Fibrosis is a condition characterized by the thickening and scarring of connective tissue, usually as a result of injury. This process can lead to severe complications in organs such as the liver, lungs, and heart. Therefore, understanding and tracking fibrosis progression is paramount in disease modeling.

Measuring matrix stiffness

Our nanoindentors offer a unique solution to this challenge. They allow researchers to measure the mechanical properties of fibrotic tissues, providing valuable data that can serve as mechanical biomarkers for the disease. This is a significant advancement in the field, as traditional methods of assessing fibrosis often rely on invasive procedures or indirect measures.

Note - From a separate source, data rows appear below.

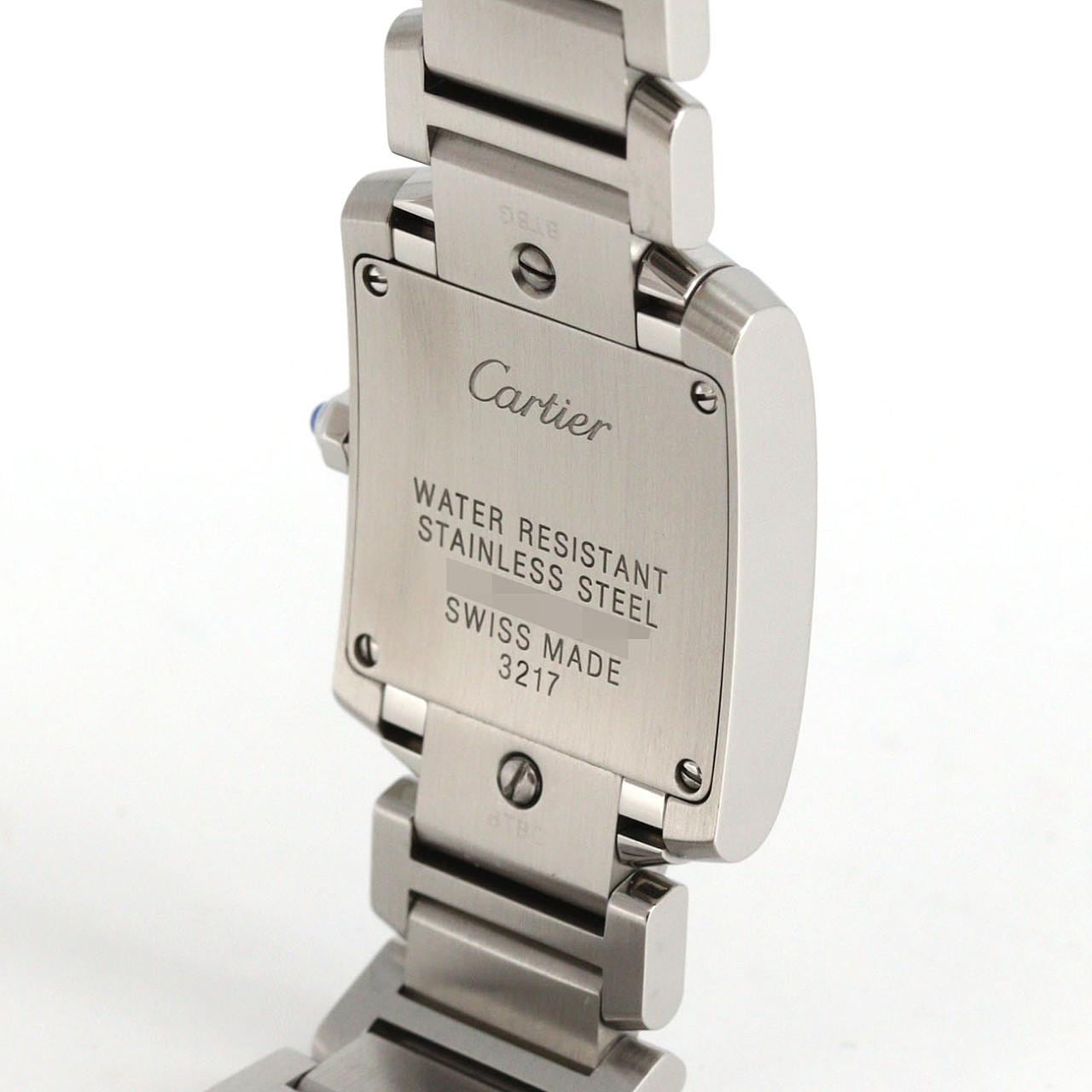 カルティエ タンクフランセーズSM W51008Q3 SS クォーツ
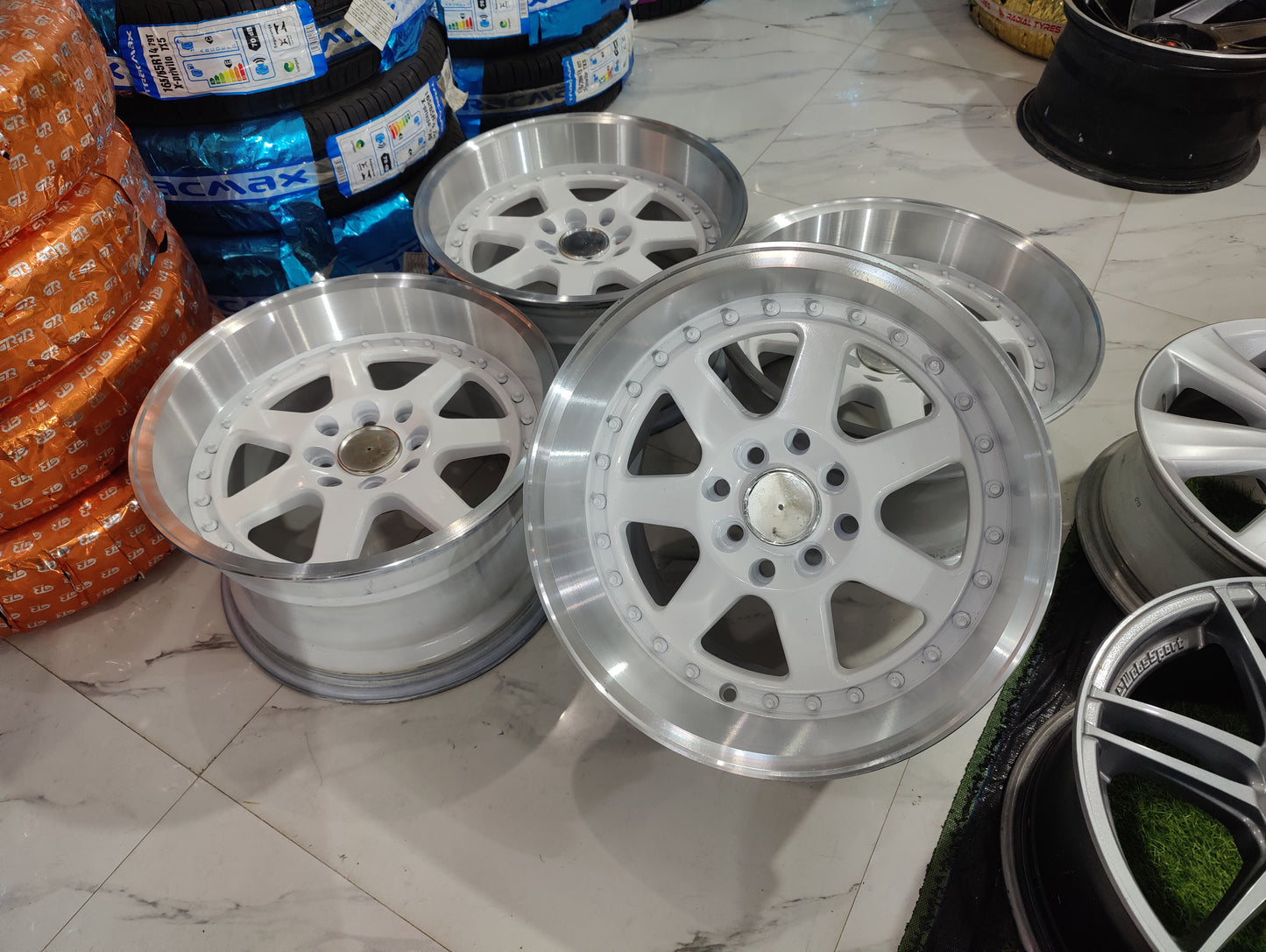 Mugen M7 Wheels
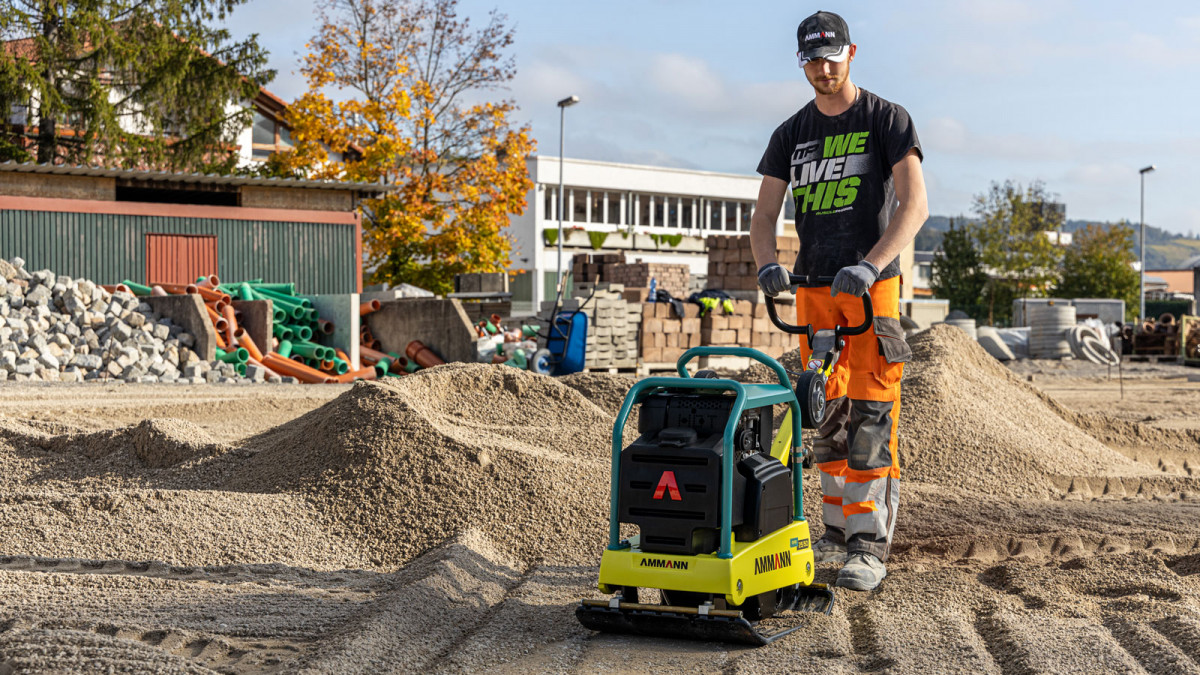 Ammann APR 25/50 Rüttelplatte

The application notes we provide delve into practical cases where our nanoindentors have been used in fibrosis research. They highlight how these tools can accurately measure the stiffness of fibrotic tissues and fibroblasts. This information is crucial, as an increase in tissue stiffness is a hallmark of fibrosis progression. Moreover, our nanoindentors are not just limited to fibrosis research. They can be used in a variety of other fields, including materials science and engineering, where understanding the mechanical properties of materials is essential.

Our team is dedicated to providing you with comprehensive information about the practical applications of our nanoindentors. These tools are particularly useful in fibrosis research and disease modeling. One of the key areas where our nanoindentors excel is in measuring the stiffness of fibrotic tissues and fibroblasts. This is crucial in tracking the progression of fibrosis, a disease that affects millions worldwide.

Pavone: high-throughput mechanical characterization platform for fibrotic tissues

The mechanical properties of fibrotic tissues and fibroblasts play a crucial role in understanding the mechanobiology of fibrosis.

The high-throughput mechanical characterization platform PAVONE offers automated indentation mapping for studying fibrosis and mechanobiology to address these challenges.

Pavone’s automation capabilities enable researchers to obtain data on the spatial distribution of mechanical properties across the entire sample surface.  Moreover, its user-friendly interface makes it accessible to researchers with varying levels of expertise, reducing the need for highly skilled operators and ensuring consistent and reliable mechanical characterization results.

Overall, Pavone provides an efficient and accessible tool for studying fibrosis and advancing research in this field, potentially leading to improved therapeutic interventions.